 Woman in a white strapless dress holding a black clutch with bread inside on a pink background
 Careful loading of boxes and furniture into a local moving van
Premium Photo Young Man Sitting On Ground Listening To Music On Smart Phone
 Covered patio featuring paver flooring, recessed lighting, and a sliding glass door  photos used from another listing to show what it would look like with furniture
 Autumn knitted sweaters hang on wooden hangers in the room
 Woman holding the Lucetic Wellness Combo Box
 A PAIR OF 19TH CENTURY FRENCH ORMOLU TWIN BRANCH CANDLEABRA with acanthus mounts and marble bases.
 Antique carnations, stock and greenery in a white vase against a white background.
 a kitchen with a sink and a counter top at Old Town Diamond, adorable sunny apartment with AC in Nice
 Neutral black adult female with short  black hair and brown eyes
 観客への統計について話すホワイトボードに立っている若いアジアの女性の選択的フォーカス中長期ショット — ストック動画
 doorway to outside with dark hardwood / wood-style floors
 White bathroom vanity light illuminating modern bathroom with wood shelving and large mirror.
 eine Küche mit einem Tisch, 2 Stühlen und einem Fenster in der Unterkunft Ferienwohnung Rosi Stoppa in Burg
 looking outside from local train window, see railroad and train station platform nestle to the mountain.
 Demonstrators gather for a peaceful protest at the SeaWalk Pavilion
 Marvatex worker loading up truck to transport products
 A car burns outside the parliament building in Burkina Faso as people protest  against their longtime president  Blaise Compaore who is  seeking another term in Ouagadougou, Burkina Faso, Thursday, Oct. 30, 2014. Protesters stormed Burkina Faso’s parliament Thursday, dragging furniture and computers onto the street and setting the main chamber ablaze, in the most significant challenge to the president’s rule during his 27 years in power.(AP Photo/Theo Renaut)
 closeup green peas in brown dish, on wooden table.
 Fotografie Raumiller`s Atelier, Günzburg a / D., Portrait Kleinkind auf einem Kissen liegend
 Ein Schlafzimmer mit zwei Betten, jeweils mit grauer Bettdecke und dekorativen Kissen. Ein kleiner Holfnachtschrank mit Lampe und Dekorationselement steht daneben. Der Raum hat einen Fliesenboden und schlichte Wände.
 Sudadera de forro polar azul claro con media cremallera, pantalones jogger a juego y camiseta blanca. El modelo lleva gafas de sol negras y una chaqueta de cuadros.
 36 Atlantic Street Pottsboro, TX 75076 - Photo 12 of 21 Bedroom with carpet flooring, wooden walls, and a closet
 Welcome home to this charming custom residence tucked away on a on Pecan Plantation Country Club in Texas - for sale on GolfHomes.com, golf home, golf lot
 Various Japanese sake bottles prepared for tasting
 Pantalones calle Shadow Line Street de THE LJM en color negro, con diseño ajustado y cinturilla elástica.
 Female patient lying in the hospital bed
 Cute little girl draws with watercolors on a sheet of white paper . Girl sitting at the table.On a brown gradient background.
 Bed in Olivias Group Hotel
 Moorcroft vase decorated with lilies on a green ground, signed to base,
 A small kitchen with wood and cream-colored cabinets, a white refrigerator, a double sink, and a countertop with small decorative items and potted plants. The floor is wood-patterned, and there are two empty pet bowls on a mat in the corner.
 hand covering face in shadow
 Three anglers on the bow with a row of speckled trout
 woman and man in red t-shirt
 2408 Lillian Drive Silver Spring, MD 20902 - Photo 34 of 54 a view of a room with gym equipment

----------------------------------------

### Problem to work on:
Line count for "vase": determine it from the data and answer with the number by itself.

### Answer to this problem:
2